One of their many historical strands went back to the early Cold War years and the philosopher-mathematicians employed by the RAND Corporation. Given the sensitive forecasting challenges brought by Cold War unknowns, these architects of futurist methodologies believed they needed to devise better - more scientific - opinion technologies. Their search for improving the tools, such as the Delphi method, of future-minded decision-making continued into the 1960s and 1970s. While qualitative assessments still reigned supreme in the social sciences, quantitative analysis became increasingly important during the 1960s. Futurists used social, political, and economic indicators to study alternative futures and comment on their presents. These futures researchers prized the quantification of past and present values both for physical and social concepts. From these numbers, they aspired to clarify the future: how to predict and understand it, and ultimately how to change it for the better.

Futurists cared about many things, not only about perfecting their methodologies or epistemic foundations, but also about addressing current, pragmatic, and popular issues.
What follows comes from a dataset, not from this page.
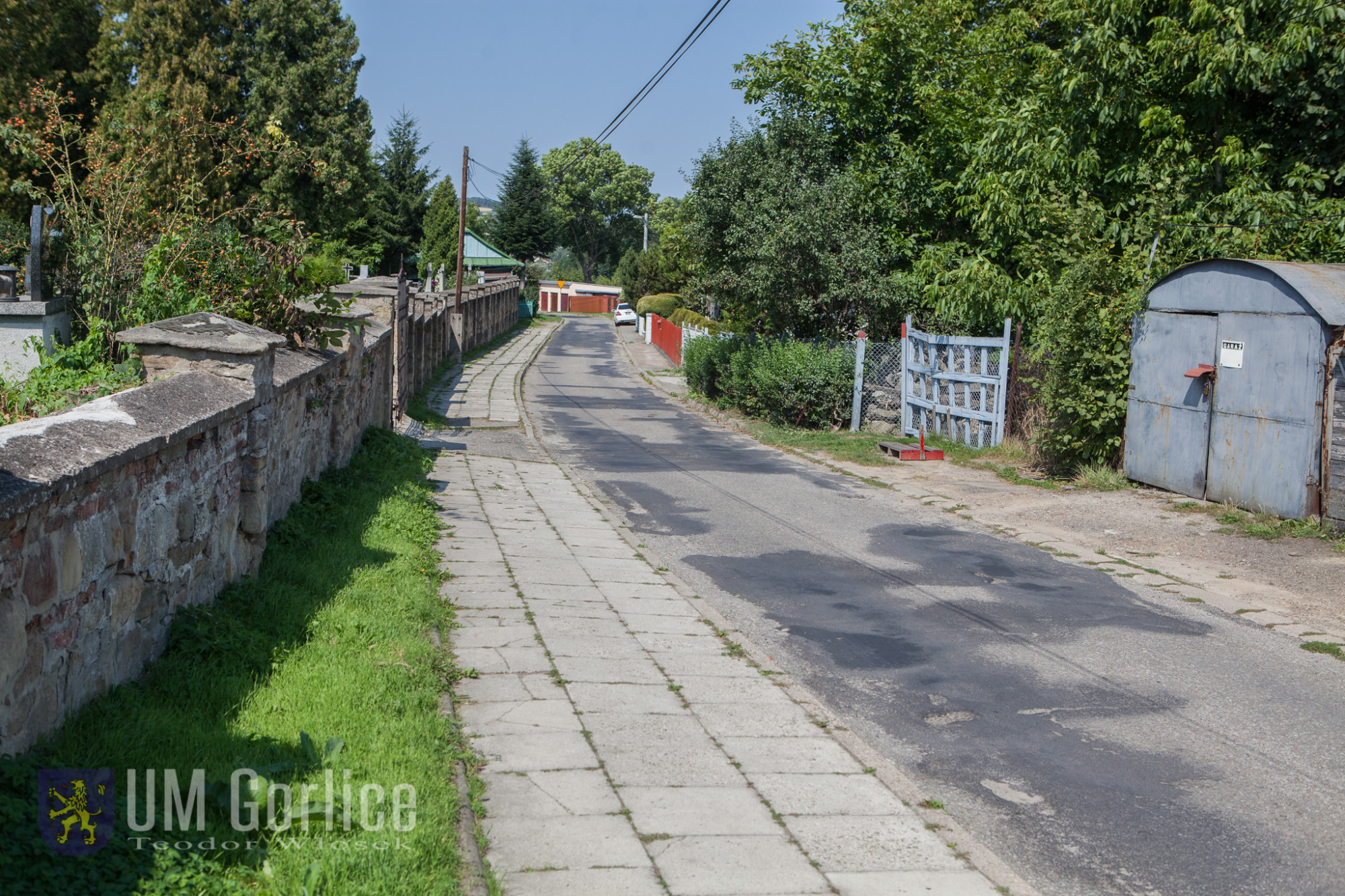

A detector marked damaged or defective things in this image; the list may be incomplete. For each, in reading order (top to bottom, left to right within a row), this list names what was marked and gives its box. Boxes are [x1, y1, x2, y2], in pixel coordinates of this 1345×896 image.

The desire to disseminate their ideas more widely and have their methodology gain greater influence compelled futurists to organize and formalize their field. The field's momentum slowed down by the 1980s as many critics disapproved of futurist methods and the deterministic, wishful, or simplistic outlooks that some futurists imagined. Although the movement in the United States was unique, other international case-studies developed in distinct yet comparable ways. Although futures researchers around the globe for centuries had enjoyed speculating about the future, this twentieth-century movement promised better predictions that were more systematic, detailed, controlled, quantitative, and expert.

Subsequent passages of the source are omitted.